Saturday, February 07, 2015

Container-less development

In the Java world been hearing a lot lately about container-less development. (Note, I'm not talking about containers such as docker.) Whether it's to help build microservices, to reduce complexity for Java EE developers, or some other reasons, moving away from containers seems to be the theme of the day. One of the core aims behind the movement away from containers appears to be simplifying the lives of application developers and that's definitely a good thing.

 In general anything we can do to improve the development experience is always a good thing. However, I worry that the idea of moving away from containers is not necessarily going to make the lives of developers easier in the long term. Let's spend a moment to look at some of the things we've heard as complaints for container-driven development. I'll paraphrase, but ... "They make it too complex to do easy things." Or "Containers are just too bloated and get in the way of agile development." Or "The notion of containers is an anti-pattern from the 20th century." Or even "Testing code in containers is just too hard."

Now before we try to address these concerns, let's look at something I said to Markus in a recent interview. "Any container, whether it's something like docker, the JVM or even a Java EE application server, shouldn't really get in your way as a developer but should also offer you the capabilities you need for building and running your applications in a way that is easy to use, understand and manage. If you think about it, your laptop is a container. The operating system is a container. We take these for granted because over the years we've gotten really really good at building them to be unobtrusive. Yet if you look under the covers at your typical operating system, it's doing a lot of hard work for you and offering you capabilities such as process forking and scheduling, that you don't know you need but you do need them."

It's easy to make blanket statements like "containers are bad for agile development" or "containers are not fit for modern web apps", but the reality is somewhat different. Of course there may be specific examples of containers where these statements are correct, but let's try and remain objective here! As I mentioned to Markus, we're using containers in our daily development lives and not even aware of them most of the time. A good container, whether an operating system or a Java EE application server, shouldn't get in your way but should be there when you need it. When you don't need it, it's sitting in the background consuming limited memory and processor time, perhaps still ensuring that certain bad things don't happen to your application while it's running and which you didn't even consider initially, e.g., how often do you consider that your operating system is providing red zone protection for the individual processes?

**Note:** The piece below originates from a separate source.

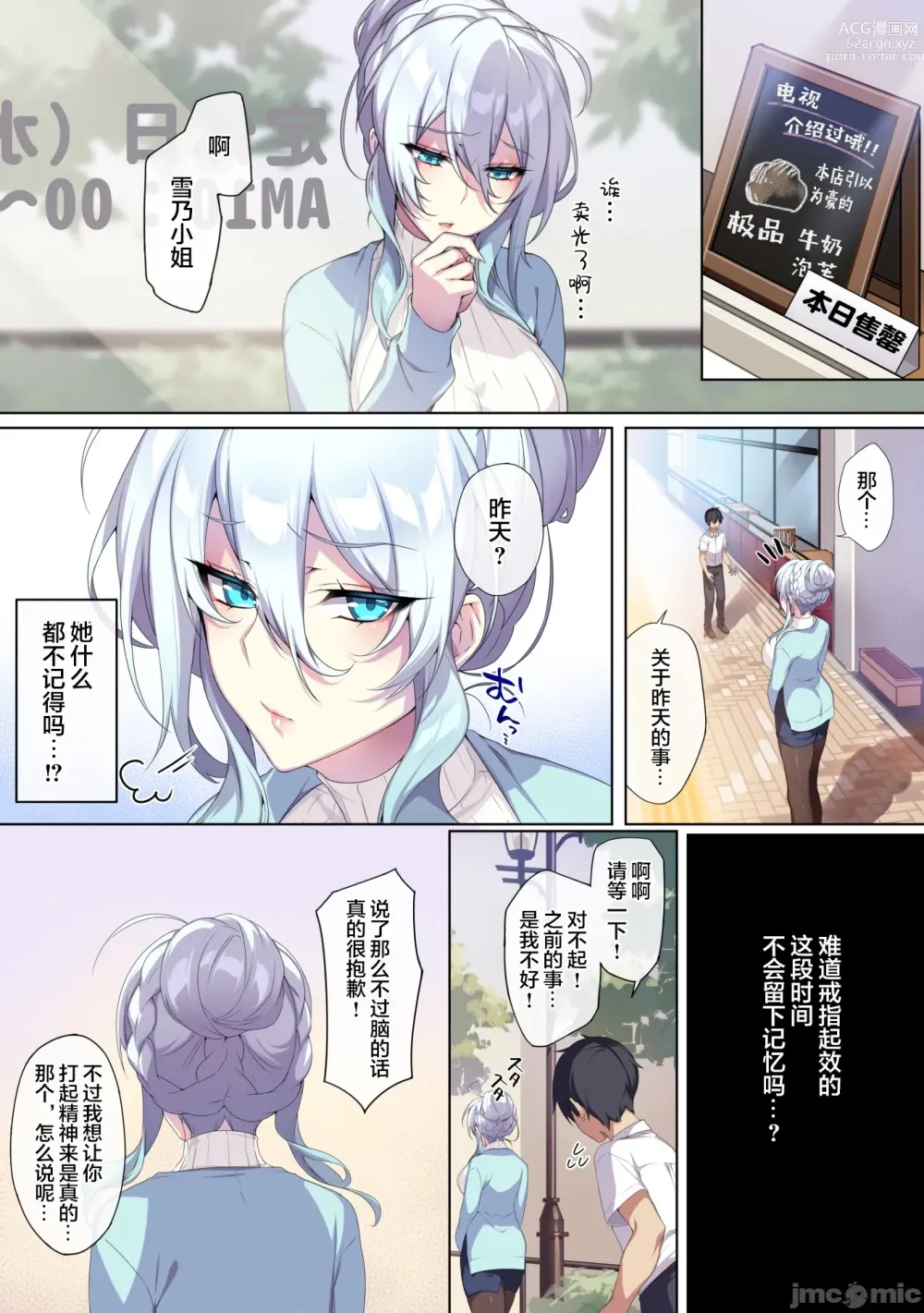 Page 35 of doujinshi Hitozukiai ga Nigate na Miboujin no Yukionna-san to Noroi no Yubiwa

As I said, a good container shouldn't get in your way. However, that doesn't mean it isn't needed. Many applications start out a lot simpler than they end up. You may not consider security initially, for instance, but if your application/service is going to be used by more than you and especially if it's going to be available globally, then it's something you're going to need eventually and a good container should be able to either take care of that for you opaquely or offer a simple to use interface. In essence, a good (ideal?) container should be like your favourite operating system - doing things in the background that you need but don't want to really understand, and offering easy to use APIs for those services you do need.

For enterprise users (and I include Web developers in that category) those services would include security, data management (RDBMS, NoSQL), messaging (not everything will communicate using HTTP) and transactions (yes, some people may not like them but they're essential for many types of application to ensure consistency in a local and distributed case). I'm not going to suggest that there's any such thing as the ideal/perfect container in the Java world today. There are definitely some implementations that would want you to consider seriously looking at container-less solutions! However, there are several implementations that have made significant strides in improving the developer experience and pushing themselves into the background, becoming part of the substrate. And a number of developer tools have sprung up to help developers further, such as Forge and Arquillian.

If you consider what lead to the rise of containers, it wasn't because someone somewhere thought "Oh wouldn't it be good if I threw everything and the kitchen sink into a deployment environment". Believe it or not there was a time before containers. Back then we didn't have multi-threaded languages. Everything was interconnected individual services, communicating using bespoke protocols. Your application was probably one or more services and clients, again communicating to get things done. If all of these services ran on the same machine (entirely possible) then once again you could consider the operating system as your application deployment container.

These services were there for a reason though: applications needed them! The development of containers as we know them today was therefore a natural evolution given improvements in language capabilities and hardware performance (reduce the interprocess communication at the very least). Granted we may not have focussed enough on making the development of applications with containers a seamless and natural thing. But that doesn't obviate the need.

Consider the container-less approach. For some applications this may be the right approach, just as we've never said that container-based development (or Java EE) was right for all applications. But as the complexity of the application or individual service grows and there's a need for more functionality (e.g., caching or security) then application developers shouldn't have to worry about which caching implementation is the best for their environment, or which version works well with the other functional components they're relying upon. Eventually container-less frameworks will start to address these concerns and add the "missing" features, whether as interconnected individual (micro?) services in their own address spaces or co-located with the application code/business logic but (hopefully) in an opaque manner that doesn't get in the way of the developer. Once we start down that road we're heading towards something that looks very similar to a container.

Rather than throw away the inherent benefits of containers, I think we should be working to make them even easier to use. Maybe this requires changes in standards, where those containers are based upon them. Maybe it's giving feedback to the container developers on what's getting in the way. Maybe it's working with the container-less efforts to build next generation containers that fit into their development and deployment experience seamlessly. There are a number of ways this can go, but none of them are really container-less.

1 comment:

Duncan Doyle said...

This was actually the thought I was having when thinking about container-less deployments in a reply I was writing to an e-mail discussion on this topic. Just the sheer amount of libraries you need on a classpath when deploying a very simple app outside of a container makes you think: "But wait .... isn't this somewhat like a ..... container." I really don't understand how needing so many JARs on your class path makes your app easier to deploy and manage.

Look at it, for example, from a security perspective. @ Red Hat, we make sure that security issues are solved in our app-server, and that customers don't need to care about it. Are you on version X of EAP? Then you're vulnerable to these security issues, which are solved when you upgrade to version Y. Now try to that when you have a classpath full of individual Hibernate, Infinispan and Weld libs ..... Can you imagine the fun to manage 50 of such apps ....???